The Worst TV Show Ever?

Model car kit like the one assembled by the author, ca. 1966

Regular readers of Lugubrious Drollery, if such a class of human beings exists, will be aware that the author has what some might call a disturbing fascination with the contempible. Previous posts have investigated the most boring book of all time, the closely related topic of the weirdest book title, the most hideously decorated cakes, the worst vice-presidential candidate (Sarah Palin), the lowliest weed (burdock), the most maligned mineral (asbestos), and of course, the worst U.S. Presidents, especially that perpetual object of scorn and rebuke, Franklin Pierce.

Recent interactions with fellow bloggers have started me thinking about a television show that has been ranked by TV Guide as one of the worst TV shows ever produced, ranking just above The Jerry Springer Show, which was designated as the worst. Considering the vast collection of dreck broadcast over the airwaves over the last sixty years or so, that's quite a distinction. The show singled out for this dubious honor was My Mother the Car. Thirty episodes were aired in 1965 and 1966, and then it was all over. I don't believe the show was ever brought back in syndication, although a few episodes are now available for viewing on YouTube.
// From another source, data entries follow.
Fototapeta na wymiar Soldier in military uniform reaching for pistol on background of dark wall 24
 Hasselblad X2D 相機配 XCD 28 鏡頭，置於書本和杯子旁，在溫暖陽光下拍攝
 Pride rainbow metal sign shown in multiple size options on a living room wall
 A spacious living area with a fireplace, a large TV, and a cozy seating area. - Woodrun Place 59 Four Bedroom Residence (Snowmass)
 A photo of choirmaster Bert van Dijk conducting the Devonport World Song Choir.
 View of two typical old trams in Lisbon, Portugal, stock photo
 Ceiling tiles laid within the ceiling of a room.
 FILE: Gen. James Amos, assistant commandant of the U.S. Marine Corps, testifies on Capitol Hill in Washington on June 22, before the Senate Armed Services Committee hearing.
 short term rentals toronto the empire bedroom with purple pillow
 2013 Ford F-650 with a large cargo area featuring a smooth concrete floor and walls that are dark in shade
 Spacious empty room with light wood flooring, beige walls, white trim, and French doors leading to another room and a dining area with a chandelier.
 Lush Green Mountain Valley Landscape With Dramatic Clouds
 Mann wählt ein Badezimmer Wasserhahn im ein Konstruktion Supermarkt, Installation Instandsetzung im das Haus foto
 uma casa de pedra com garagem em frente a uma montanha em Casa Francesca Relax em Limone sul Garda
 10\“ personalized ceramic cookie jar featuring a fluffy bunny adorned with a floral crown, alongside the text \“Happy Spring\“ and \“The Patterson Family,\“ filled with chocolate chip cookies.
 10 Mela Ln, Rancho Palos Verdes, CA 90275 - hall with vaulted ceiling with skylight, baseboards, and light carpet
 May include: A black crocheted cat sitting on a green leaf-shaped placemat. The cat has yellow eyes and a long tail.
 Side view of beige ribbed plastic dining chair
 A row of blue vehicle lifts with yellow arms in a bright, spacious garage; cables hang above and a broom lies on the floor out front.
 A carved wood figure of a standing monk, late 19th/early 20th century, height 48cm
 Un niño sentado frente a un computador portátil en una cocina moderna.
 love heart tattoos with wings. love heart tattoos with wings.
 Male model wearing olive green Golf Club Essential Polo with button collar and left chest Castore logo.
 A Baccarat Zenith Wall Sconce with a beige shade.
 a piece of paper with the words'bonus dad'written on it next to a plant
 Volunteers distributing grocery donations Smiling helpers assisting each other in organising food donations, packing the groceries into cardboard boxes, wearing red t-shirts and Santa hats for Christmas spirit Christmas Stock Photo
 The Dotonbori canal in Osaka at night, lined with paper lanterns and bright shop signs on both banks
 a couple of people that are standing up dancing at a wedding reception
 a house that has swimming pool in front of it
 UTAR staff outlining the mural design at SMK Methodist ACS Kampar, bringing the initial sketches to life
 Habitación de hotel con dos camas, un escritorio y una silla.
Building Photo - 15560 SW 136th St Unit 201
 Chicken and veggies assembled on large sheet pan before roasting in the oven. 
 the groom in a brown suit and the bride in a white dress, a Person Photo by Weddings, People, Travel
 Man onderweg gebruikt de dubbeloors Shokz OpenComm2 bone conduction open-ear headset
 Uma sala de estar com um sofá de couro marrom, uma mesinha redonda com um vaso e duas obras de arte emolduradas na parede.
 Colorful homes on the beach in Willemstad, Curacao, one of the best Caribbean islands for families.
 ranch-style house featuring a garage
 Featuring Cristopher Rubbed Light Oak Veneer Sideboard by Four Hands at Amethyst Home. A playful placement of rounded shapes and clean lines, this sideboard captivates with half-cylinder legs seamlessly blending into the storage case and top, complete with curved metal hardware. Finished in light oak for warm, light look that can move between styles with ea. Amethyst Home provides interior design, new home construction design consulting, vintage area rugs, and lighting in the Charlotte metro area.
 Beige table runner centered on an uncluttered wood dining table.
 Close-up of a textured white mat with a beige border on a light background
What initially reminded me of MMTC was a post about the fantasy TV shows of the 60s, including The Flying Nun, at the blog of W.Z. Snyder, #167 Dad. He mentioned the premise of MMTC--a guy's mother is reincarnated as a 1928 Porter automobile--which reminded me that one of the many model cars I assembled as a nerdy adolescent was My Mother the Car (shown above). After that, I couldn't get this fragment of the theme song from MMTC out of my head:
A 1928 Porter
That's my mother dear
She helps me through
Everything I do
And I'm so glad she's here
As if that weren't bad enough, Matthew Coniam, at his blog The Marx Brothers Council of Britain, stirred up more memories when his post about director Norman Z. McLeod included a poster for the movie Swing Shift Maisie (1943). The poster features the young and beautiful star Ann Sothern, who went on to have her own TV show, and still later was the voice of none other than My Mother the Car.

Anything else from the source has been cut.